I don't think the concept of "plot spoilers" even applies that well to our shows, because so much of these shows are about character and charm. "Inspector Red" isn't exactly a nail-biting thriller. It's mostly Red holding a magnifying glass in front of her face and jumping out at people. -- Danny@fandom (talk) 06:38, 31 March 2008 (UTC)

Google ranking and links

Hi folks: I noticed that our Google ranking has dropped since switching to the Monaco skin. I looked into it, and found out that the problem may be that we have too many links on the site.
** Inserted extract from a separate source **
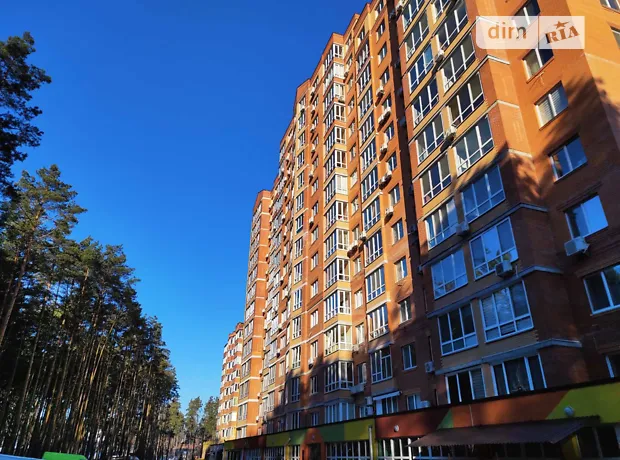 Квартира на вул. Олени Теліги, 2Д в Києві, ID 238924, фото №18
On Google's "Webmaster Guidelines" page, they recommend: "Keep the links on a given page to a reasonable number (fewer than 100)."

I used a tool called the Meta Tag Analyzer on, and compared the number of links on our main page in Monobook and Monaco. Using Monobook, we've got 141 links on our front page. In Monaco, there's 209 links.
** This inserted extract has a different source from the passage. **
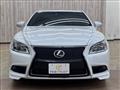 2015 Lexus LS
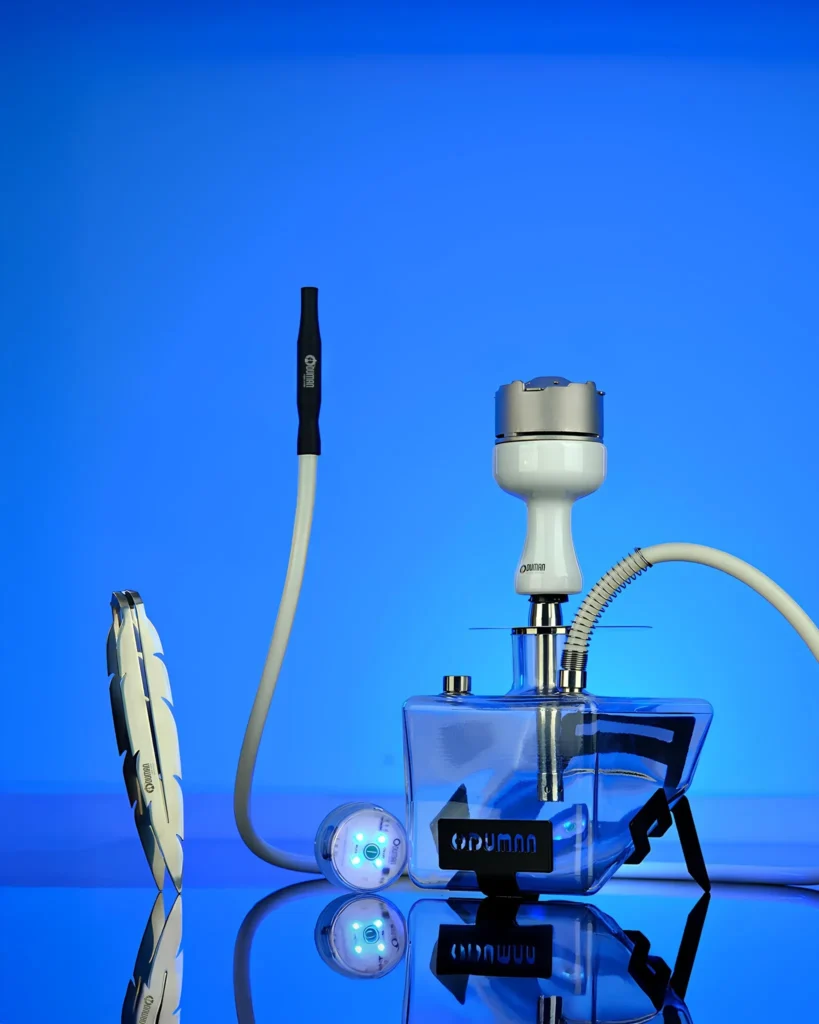 Oduman Smoke X Hookah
That's actually not as bad as some others -- Wookieepedia has 358 links on their main page, and Marvel Database has 341. Still, we've got 209 links when we should have 100 or fewer.

So there's a couple ways that we can slim that down. The Monaco skin itself is adding about 30-40 extra links, not counting the stuff that we've added in the sidebar. There's tons of links in the header, the widgets and the footer -- and I know that when we were designing the skin, we weren't thinking about the possible impact this might have on the Google ranking. Now that we know, we need to figure out how to reduce that impact. I'm not sure what decisions we'll end up making, or how long it'll take -- there might be a technical solution that cleans it all up without having to redesign things. So that's one piece.

Then there's the part that's within our control -- reducing the number of links on the content page, and in the sidebar. We've been designing the page with the idea that more links is better. If that turns out to be hurting us, then we ought to look at where we can make some cuts.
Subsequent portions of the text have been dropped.